A critique of Joe Storks Obama and Human Rights in the Middle East
“Obama and Human Rights in the Middle East: Suggestions for Act Two” appeared in the January 2010 issue of the Carnegie Endowment’s Arab Reform Bulletin (and the Beirut Daily Star). Its author, Joe Stork, is deputy director of Human Rights Watch’s Middle East and North Africa division. Stork’s extensively documented anti-Israel ideology and activism is clearly evident in this article’s numerous tendentious allegations and biased statements.
- Stork focuses disproportionately on Israeli responses to terror attacks and reserves his harshest language for describing them. Although he briefly mentions abuses in Morocco, Egypt, and Saudi Arabia (closed regimes with extensive records of human rights abuse), he accuses Israel of “collective punishment” and “impunity” and calls on the Obama administration to impose sanctions against Israel.
- Stork states that “the Obama administration’s promotion of human rights with abusive Middle Eastern governments … has been ambiguous and, in some cases, negligent, raising concern that the United States is still operating in a universe of double standards when it comes to confronting serious human rights violations by important allies.” This critique could be aptly applied to HRW’s own Middle East agenda. Nearly 30% of HRW’s 2009 output related to Israel; the organization issued more reports on Israel than on Saudi Arabia, Syria, Morocco, Libya, and Egypt combined (see chart below).
- Stork erases the context of the conflict, ignoring rocket attacks against Israeli civilians. He does not even mention that Iran and Syria’s arming of Hamas and Hezbollah directly resulted in those rocket attacks.
- Stork reinforces HRW’s ongoing campaign advancing the Goldstone report, and criticizes the Obama administration for failing to endorse the report’s condemnation of Israeli responses to rocket attacks as “war crimes.” HRW’s statements promoting Goldstone exceeded the number of its 2009 publications on every human rights issue in the Middle East, with the exception of the Gaza war. Stork also fails to mention that the Goldstone mission was initiated and financed by the Arab League, and that Goldstone was on the HRW board.

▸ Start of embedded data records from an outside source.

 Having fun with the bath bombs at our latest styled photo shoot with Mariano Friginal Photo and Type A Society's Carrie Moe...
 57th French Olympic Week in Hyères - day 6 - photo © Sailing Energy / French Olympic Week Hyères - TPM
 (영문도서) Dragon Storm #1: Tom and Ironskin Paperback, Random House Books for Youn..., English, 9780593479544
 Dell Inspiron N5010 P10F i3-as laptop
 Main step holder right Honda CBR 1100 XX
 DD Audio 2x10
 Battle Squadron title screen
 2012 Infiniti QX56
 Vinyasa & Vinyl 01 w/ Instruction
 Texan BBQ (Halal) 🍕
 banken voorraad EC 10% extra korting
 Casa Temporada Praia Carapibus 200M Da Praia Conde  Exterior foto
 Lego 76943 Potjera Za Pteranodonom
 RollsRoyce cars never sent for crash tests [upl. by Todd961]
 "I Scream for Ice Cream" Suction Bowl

- Stork repeatedly and falsely accuses Israel of “collective punishment.” This allegation exploits and misuses a clearly defined legal term referring to criminal penalties, not economic sanctions. Under international law, sanctions are entirely legal. Stork also accuses Israel of “wholesale restrictions on the movement of goods and people” when, in fact, Israel provides thousands of tons of humanitarian aid to Gaza each week — far above any legal obligation. (See http://eu.mfa.gov.il/mfm/web/main/Print.asp?DocumentID=165518.)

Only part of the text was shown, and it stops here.